By Kimberly Seals Allers
Editorial director, Black Maternal Health
Wednesday, April 28, 2010
Dr. Michael Lu presented his work on the life course perspective and real solutions for improving maternal health during a Women's eNews Black Maternal Health Conference on April 28.
Click here to watch the recorded Web cast: http://www.ustream.tv/recorded/6507846
(WOMENSENEWS)--Better prenatal care won't be enough to close disparities in maternal mortality or infant health, says a leading researcher.
Instead, Dr. Michael Lu, an associate professor in UCLA's School of Public Health and its David Geffen School of Medicine, argues for taking a "life course perspective" on women's health and renewing public attention to mothers and their communities.
A key element, he says, is elevating policy interest in women, who often rank below their progeny.
"It's putting the M back in MCH," said Lu. "It's putting the maternal back in maternal-child health research."
The premise is fairly simple, added Lu, who was born in Taiwan to parents who did not attend college. Lu's mother dropped out of school in the fifth grade to work in a factory after her father died.
"If you want to have healthy babies, you have to start with healthy mothers, healthy families and healthy communities," he said.
A recent flurry of research shows higher maternal mortality rates in the United States compared to other industrialized countries. But there are few theoretical explanations for the problem and no solid answers about why African American women, in particular, are more adversely affected.
"Racial and ethnic disparities in maternal health and infant mortality have been a persistent problem that has not gone away" said Lu, a pioneer of a new way of approaching how to view and treat maternal health in this country. "In the context of all the discussions and deliberations about health care reform, it's time to do some rethinking about how we can close that gap."
Lu says taking a broad look at women's overall health--the so-called life course perspective--is indicated by decades of research into the nine months of pregnancy that cannot produce clear steps for narrowing disparities.
"We can't expect prenatal care to eliminate all of the disadvantages and inequities that accumulate over the life course," he said. "We have to do much more--not just in health care but also in policy--to create conditions in which all mothers and babies can be healthy."
By the time a woman becomes pregnant she may have already missed a critical window of opportunity to give her baby the best start in life, says Lu, who maintains an obstetrics and gynecology practice along with his active research and teaching efforts.
The life course perspective calls for a deeper dive into the complexities, health factors and stressors in a woman's lifetime. It also calls for strategies to create healthier conditions for mothers and babies, including improving affordable fresh food options, building stress resilience strategies and boosting the immune system.
A recent study by Amnesty International, "Deadly Delivery," finds that deaths from pregnancy and childbirth in the United States have doubled in the past 20 years: from 6.6 per 100,000 live births in 1987 to 13.3 deaths per 100,000 live births in 2006. The study used data from the Organization for Cooperation and Development and the World Health Organization. Pregnant women and new mothers are dying because of "systemic failures" in the current health system, the Amnesty report says.

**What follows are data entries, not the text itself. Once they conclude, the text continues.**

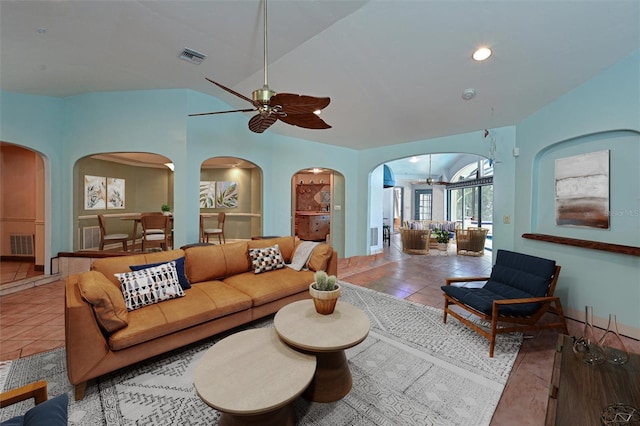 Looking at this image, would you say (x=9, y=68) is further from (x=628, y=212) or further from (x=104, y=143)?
(x=628, y=212)

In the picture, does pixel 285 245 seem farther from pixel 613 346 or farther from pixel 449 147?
pixel 449 147

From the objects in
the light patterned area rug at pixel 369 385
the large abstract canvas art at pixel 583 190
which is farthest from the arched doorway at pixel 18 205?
the large abstract canvas art at pixel 583 190

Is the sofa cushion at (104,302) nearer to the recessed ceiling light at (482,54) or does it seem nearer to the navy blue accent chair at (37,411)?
the navy blue accent chair at (37,411)

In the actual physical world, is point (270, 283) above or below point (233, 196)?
below

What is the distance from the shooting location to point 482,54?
2.85m

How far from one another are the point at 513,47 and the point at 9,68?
19.5 feet

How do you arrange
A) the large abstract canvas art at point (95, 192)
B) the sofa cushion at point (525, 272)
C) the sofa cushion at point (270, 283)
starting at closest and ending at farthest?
1. the sofa cushion at point (525, 272)
2. the sofa cushion at point (270, 283)
3. the large abstract canvas art at point (95, 192)

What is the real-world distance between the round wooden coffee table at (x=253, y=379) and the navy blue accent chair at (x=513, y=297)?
1897 mm

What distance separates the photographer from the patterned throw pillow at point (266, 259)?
3.43 metres

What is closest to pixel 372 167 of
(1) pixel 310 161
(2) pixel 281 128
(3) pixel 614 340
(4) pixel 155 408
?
(1) pixel 310 161

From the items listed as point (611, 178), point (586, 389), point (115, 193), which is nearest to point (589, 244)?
point (611, 178)

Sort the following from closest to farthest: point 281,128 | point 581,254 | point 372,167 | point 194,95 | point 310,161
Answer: point 581,254
point 194,95
point 281,128
point 310,161
point 372,167

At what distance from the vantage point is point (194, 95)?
411 cm

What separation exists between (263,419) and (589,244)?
3.88 m
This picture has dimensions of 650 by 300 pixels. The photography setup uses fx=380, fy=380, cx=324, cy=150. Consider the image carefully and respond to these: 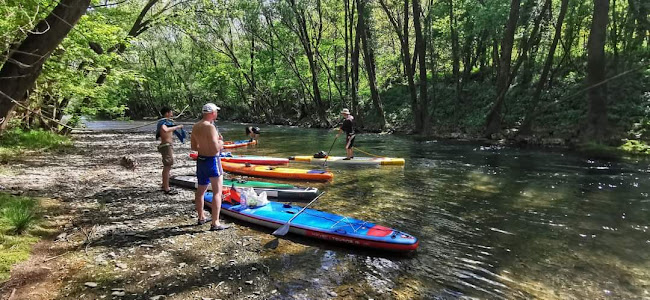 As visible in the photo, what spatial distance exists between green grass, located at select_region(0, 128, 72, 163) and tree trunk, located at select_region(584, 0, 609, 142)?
20096mm

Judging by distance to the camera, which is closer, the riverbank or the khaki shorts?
the riverbank

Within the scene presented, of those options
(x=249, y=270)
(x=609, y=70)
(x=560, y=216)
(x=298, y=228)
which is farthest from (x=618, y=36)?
(x=249, y=270)

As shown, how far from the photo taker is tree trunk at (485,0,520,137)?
16516 mm

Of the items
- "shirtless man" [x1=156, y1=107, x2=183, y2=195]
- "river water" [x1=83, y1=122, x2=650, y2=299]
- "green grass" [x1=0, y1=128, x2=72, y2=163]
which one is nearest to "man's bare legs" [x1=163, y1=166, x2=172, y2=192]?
"shirtless man" [x1=156, y1=107, x2=183, y2=195]

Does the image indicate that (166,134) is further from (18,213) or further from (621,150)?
(621,150)

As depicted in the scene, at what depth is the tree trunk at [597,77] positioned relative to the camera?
49.2 ft

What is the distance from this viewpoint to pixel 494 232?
20.5 ft

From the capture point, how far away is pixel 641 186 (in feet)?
30.7

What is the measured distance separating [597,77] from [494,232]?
12907 mm

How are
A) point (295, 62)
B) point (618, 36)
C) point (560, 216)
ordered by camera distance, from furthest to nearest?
point (295, 62), point (618, 36), point (560, 216)

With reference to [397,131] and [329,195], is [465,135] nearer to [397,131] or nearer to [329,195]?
[397,131]

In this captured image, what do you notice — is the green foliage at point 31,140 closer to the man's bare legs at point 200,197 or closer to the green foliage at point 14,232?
the green foliage at point 14,232

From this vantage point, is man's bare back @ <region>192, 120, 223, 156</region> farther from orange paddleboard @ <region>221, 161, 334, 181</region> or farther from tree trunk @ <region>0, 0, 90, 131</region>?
orange paddleboard @ <region>221, 161, 334, 181</region>

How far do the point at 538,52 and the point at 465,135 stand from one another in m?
6.75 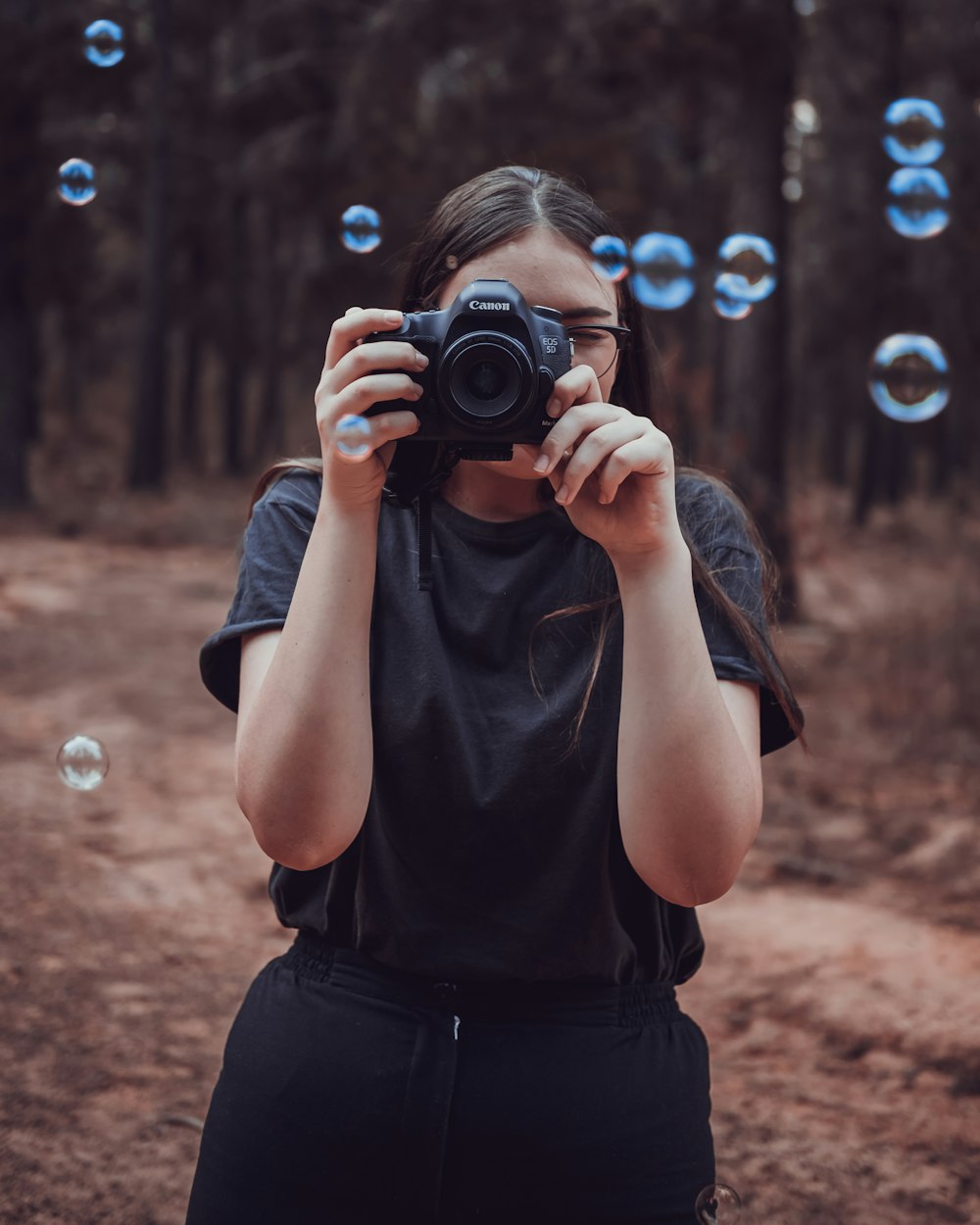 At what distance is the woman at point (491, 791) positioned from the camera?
1365mm

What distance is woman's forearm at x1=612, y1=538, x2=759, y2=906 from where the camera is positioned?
134cm

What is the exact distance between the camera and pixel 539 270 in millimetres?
1493

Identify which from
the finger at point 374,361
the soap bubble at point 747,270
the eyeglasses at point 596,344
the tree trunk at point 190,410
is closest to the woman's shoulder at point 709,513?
the eyeglasses at point 596,344

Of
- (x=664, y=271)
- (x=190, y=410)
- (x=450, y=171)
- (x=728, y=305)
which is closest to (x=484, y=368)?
(x=664, y=271)

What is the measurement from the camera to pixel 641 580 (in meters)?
1.35

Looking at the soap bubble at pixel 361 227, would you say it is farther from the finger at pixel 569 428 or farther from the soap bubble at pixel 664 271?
the finger at pixel 569 428

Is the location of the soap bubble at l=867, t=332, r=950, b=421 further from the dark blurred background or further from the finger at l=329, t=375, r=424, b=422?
the finger at l=329, t=375, r=424, b=422

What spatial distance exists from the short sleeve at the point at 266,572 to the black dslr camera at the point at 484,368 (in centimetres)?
25

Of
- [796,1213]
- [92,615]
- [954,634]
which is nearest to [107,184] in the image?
[92,615]

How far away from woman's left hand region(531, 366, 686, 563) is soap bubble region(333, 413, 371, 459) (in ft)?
0.65

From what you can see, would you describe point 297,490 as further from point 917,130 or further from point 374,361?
point 917,130

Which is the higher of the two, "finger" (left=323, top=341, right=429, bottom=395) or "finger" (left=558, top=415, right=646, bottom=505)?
"finger" (left=323, top=341, right=429, bottom=395)

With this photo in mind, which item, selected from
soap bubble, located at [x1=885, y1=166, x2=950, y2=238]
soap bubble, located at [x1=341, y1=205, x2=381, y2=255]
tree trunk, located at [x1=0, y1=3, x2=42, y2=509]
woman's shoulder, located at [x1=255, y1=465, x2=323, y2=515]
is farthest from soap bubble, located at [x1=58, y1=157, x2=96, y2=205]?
tree trunk, located at [x1=0, y1=3, x2=42, y2=509]

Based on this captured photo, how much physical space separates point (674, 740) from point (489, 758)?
0.24 meters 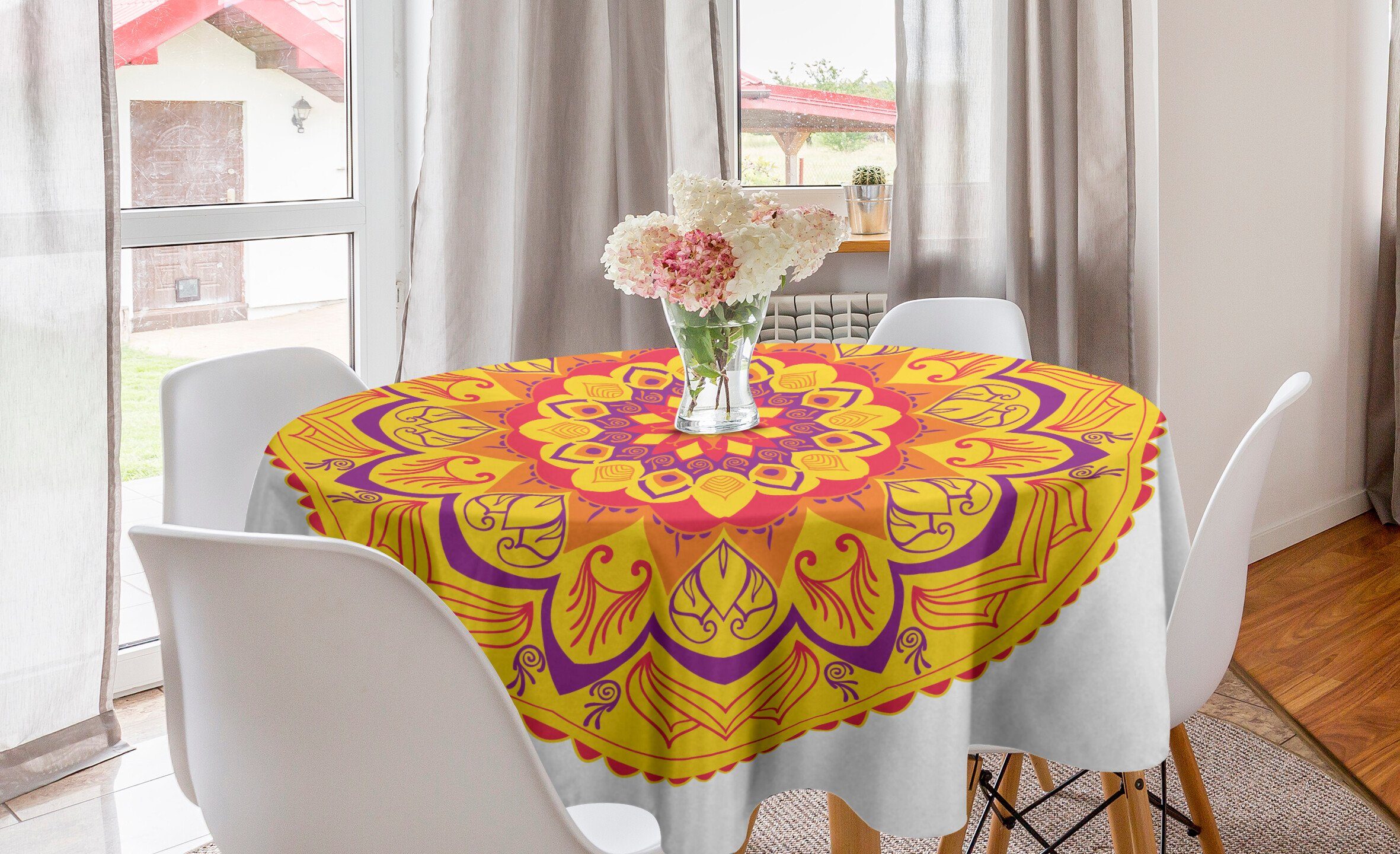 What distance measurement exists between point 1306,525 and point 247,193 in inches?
128

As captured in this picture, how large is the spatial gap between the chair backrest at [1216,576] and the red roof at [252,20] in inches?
87.5

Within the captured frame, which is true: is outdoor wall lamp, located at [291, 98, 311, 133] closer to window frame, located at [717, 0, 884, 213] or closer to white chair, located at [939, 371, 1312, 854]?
window frame, located at [717, 0, 884, 213]

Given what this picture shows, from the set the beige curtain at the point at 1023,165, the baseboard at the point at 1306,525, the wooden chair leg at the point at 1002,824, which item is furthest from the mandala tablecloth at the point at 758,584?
the baseboard at the point at 1306,525

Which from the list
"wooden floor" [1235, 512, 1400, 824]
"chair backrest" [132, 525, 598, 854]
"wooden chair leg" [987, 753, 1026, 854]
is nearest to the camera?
"chair backrest" [132, 525, 598, 854]

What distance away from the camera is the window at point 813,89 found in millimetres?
3469

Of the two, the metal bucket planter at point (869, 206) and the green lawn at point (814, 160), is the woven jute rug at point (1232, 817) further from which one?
the green lawn at point (814, 160)

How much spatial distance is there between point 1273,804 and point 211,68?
2.69 m

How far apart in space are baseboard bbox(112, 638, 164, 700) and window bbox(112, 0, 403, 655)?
82 millimetres

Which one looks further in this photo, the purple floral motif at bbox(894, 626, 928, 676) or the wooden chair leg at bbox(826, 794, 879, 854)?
the wooden chair leg at bbox(826, 794, 879, 854)

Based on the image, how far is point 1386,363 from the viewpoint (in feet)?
12.5

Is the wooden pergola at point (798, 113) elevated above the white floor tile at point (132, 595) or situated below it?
above

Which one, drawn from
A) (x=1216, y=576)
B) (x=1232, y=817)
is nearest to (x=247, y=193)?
(x=1216, y=576)

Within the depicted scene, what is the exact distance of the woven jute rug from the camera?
79.0 inches

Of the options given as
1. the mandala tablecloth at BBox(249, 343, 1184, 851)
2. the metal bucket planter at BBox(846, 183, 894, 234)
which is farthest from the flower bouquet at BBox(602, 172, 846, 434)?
the metal bucket planter at BBox(846, 183, 894, 234) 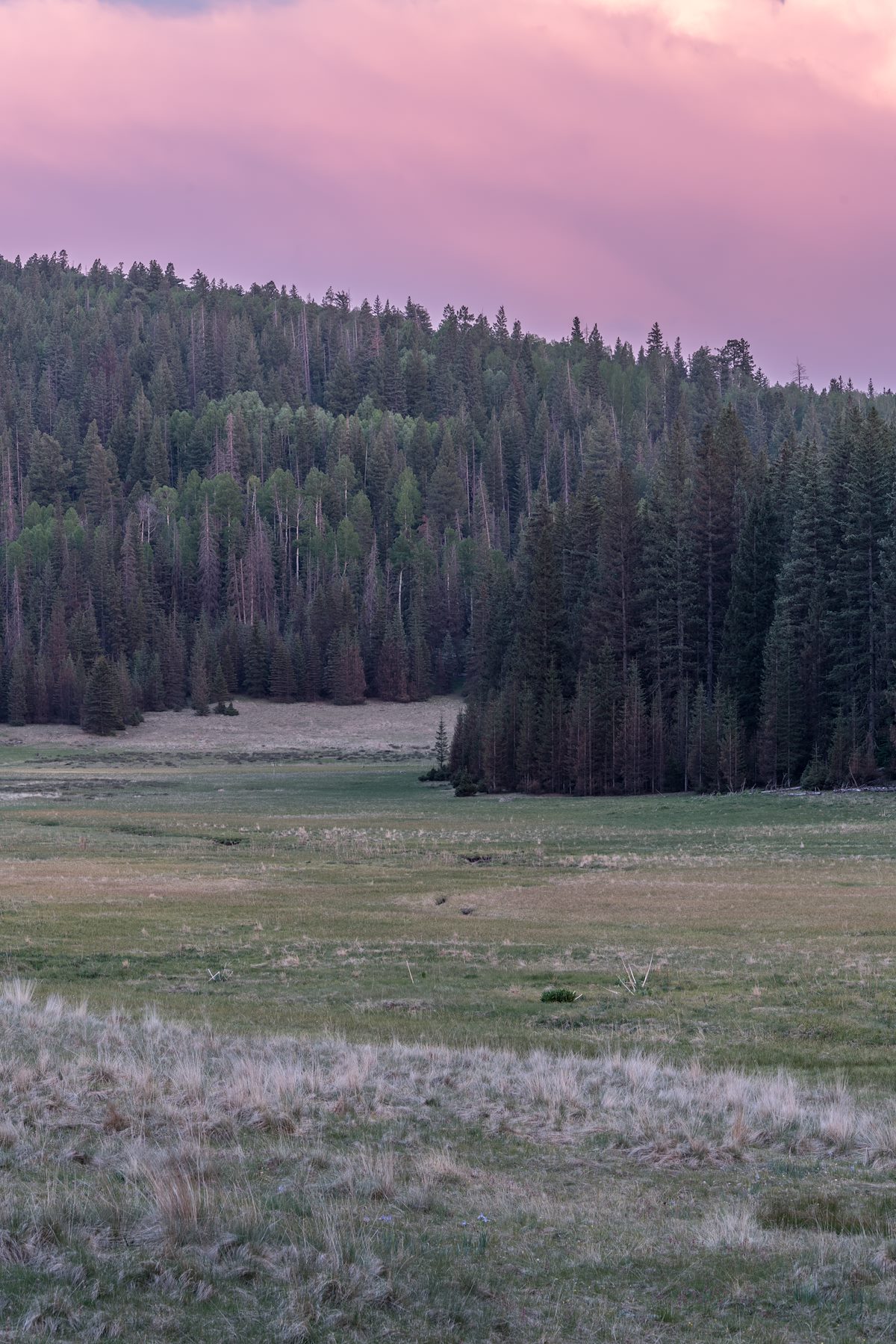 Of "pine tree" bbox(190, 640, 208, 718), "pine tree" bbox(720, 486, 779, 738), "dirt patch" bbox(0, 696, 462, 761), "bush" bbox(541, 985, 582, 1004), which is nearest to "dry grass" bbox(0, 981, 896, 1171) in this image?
"bush" bbox(541, 985, 582, 1004)

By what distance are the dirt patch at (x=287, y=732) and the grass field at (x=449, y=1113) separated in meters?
Answer: 84.9

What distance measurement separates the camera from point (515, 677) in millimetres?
91688

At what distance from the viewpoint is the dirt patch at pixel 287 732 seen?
11788 centimetres

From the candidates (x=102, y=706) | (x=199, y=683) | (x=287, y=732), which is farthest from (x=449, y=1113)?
(x=199, y=683)

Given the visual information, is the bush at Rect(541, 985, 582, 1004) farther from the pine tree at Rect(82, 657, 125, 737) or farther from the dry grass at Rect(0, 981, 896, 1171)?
the pine tree at Rect(82, 657, 125, 737)

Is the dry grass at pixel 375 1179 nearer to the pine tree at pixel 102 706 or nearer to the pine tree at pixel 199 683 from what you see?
the pine tree at pixel 102 706

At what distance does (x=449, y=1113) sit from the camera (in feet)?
39.0

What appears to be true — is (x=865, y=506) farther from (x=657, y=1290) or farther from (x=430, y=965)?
(x=657, y=1290)

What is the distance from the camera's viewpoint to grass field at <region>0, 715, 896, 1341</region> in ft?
24.4

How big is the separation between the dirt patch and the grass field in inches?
3343

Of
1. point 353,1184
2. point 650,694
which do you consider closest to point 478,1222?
point 353,1184

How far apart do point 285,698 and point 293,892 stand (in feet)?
382

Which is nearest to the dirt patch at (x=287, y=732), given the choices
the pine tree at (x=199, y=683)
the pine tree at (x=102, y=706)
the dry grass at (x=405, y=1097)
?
the pine tree at (x=199, y=683)

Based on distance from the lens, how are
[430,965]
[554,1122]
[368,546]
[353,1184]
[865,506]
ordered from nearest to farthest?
1. [353,1184]
2. [554,1122]
3. [430,965]
4. [865,506]
5. [368,546] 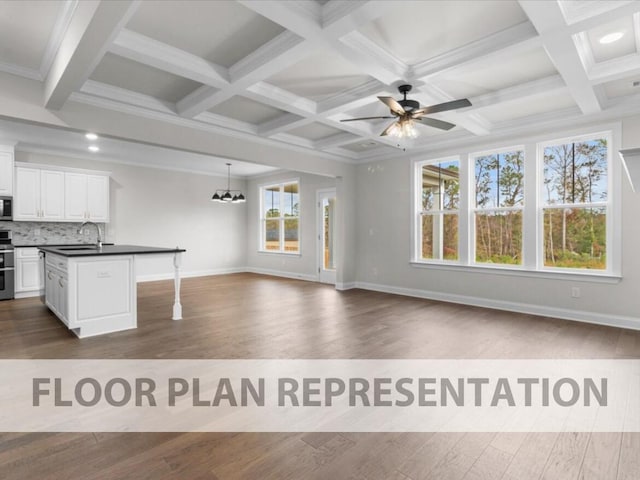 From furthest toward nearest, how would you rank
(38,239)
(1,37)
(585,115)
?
(38,239)
(585,115)
(1,37)

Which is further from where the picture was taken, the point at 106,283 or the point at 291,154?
the point at 291,154

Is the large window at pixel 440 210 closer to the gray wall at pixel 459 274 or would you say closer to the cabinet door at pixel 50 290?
the gray wall at pixel 459 274

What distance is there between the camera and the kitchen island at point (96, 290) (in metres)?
3.82

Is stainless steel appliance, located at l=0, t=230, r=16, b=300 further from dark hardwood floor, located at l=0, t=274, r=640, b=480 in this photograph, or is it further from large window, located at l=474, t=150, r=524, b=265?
large window, located at l=474, t=150, r=524, b=265

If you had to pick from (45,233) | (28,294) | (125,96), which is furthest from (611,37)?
(45,233)

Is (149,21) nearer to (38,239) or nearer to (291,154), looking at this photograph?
(291,154)

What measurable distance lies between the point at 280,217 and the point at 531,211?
593 centimetres

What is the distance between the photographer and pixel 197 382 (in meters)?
2.77

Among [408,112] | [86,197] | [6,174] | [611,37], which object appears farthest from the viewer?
[86,197]

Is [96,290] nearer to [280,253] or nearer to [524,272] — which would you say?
[280,253]

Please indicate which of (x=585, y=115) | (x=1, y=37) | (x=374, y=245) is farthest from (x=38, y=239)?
(x=585, y=115)

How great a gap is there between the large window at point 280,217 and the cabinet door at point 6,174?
525cm

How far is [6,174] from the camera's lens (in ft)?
19.5

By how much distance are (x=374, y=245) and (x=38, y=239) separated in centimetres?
657
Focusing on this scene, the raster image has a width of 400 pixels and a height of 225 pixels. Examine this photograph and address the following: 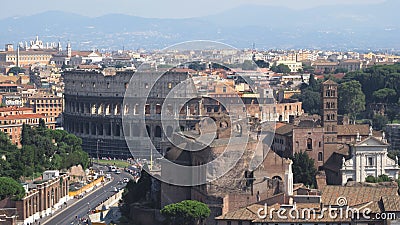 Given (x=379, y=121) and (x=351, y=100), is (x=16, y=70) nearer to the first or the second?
(x=351, y=100)

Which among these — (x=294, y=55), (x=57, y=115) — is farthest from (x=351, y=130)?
(x=294, y=55)

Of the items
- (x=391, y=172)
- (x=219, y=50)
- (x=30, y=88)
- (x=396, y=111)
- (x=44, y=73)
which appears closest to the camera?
(x=391, y=172)

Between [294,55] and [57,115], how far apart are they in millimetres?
64015

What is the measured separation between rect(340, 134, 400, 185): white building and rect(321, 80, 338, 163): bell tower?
1812 mm

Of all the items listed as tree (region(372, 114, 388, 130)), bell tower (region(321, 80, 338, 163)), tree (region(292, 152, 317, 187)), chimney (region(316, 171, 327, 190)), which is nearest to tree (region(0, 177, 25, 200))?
tree (region(292, 152, 317, 187))

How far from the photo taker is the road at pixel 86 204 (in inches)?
1705

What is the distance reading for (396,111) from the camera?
224 feet

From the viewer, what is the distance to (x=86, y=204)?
1882 inches

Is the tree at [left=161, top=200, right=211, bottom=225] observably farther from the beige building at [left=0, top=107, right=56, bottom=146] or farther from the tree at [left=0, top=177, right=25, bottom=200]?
the beige building at [left=0, top=107, right=56, bottom=146]

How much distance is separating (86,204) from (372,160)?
1143cm

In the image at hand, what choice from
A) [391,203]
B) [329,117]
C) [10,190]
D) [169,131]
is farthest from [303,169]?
[169,131]

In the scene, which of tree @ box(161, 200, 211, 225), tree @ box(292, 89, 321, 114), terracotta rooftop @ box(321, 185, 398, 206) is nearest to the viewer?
terracotta rooftop @ box(321, 185, 398, 206)

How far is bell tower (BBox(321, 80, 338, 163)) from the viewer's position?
153 ft

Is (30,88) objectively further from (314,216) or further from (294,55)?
(314,216) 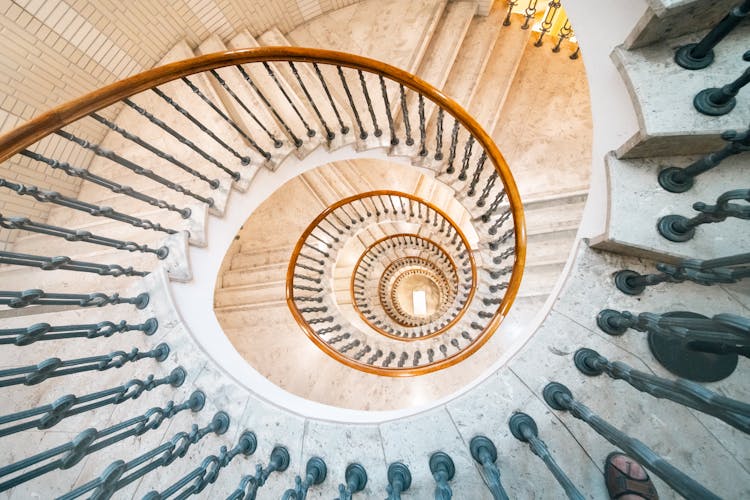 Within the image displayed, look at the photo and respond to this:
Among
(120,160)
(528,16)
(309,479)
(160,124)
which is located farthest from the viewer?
(528,16)

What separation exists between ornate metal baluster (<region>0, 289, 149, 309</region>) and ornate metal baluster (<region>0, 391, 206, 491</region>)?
2.00 ft

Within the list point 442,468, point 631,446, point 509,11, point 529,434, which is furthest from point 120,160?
point 509,11

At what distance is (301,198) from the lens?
229 inches

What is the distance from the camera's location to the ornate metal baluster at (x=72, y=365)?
1365 millimetres

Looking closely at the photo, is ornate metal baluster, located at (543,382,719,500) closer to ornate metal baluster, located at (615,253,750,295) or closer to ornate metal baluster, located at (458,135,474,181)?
ornate metal baluster, located at (615,253,750,295)

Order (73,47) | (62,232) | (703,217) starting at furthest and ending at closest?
(73,47)
(62,232)
(703,217)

The situation is far more alarming for African American women, who are three to four times more likely to die during childbirth than white American women. Higher social status is no protection. Even wealthy black American women have a higher rate of mortality during childbirth than wealthy white women.
The racial disparities persist even when taking into account differences in income and education, prenatal care and behaviors such as smoking. Right now, possible genetic explanations are being studied but they are unlikely to fully explain these disparities, Lu said.
Lu's vision began taking shape over 10 years ago.
While still a medical school student, Lu teamed up with several students from UC Berkeley to create the Suitcase Clinic, a traveling medical service for homeless people operated under faculty supervision. Lu quickly learned that health care wasn't always the highest priority for these patients. It was the "aha" moment in his career, revealing that good health care requires an array of other social amenities.
The Suitcase Clinic, which still thrives today, then brought in legal and psychological counseling services from the school along with volunteer optometrists and beauticians.
The experience left Lu convinced that prenatal care could not be the sole means of improving the health of mothers and infants.
Kimberly Seals Allers is an award-winning journalist and editorial director of the Black Maternal Health project at Women's eNews. A former senior editor at Essence and writer at Fortune, she is the founder of www.MochaManual.com, a parenting destination for African Americans, and author of "The Mocha Manual to a Fabulous Pregnancy" (Amistad/HarperCollins) and two other Mocha Manual books.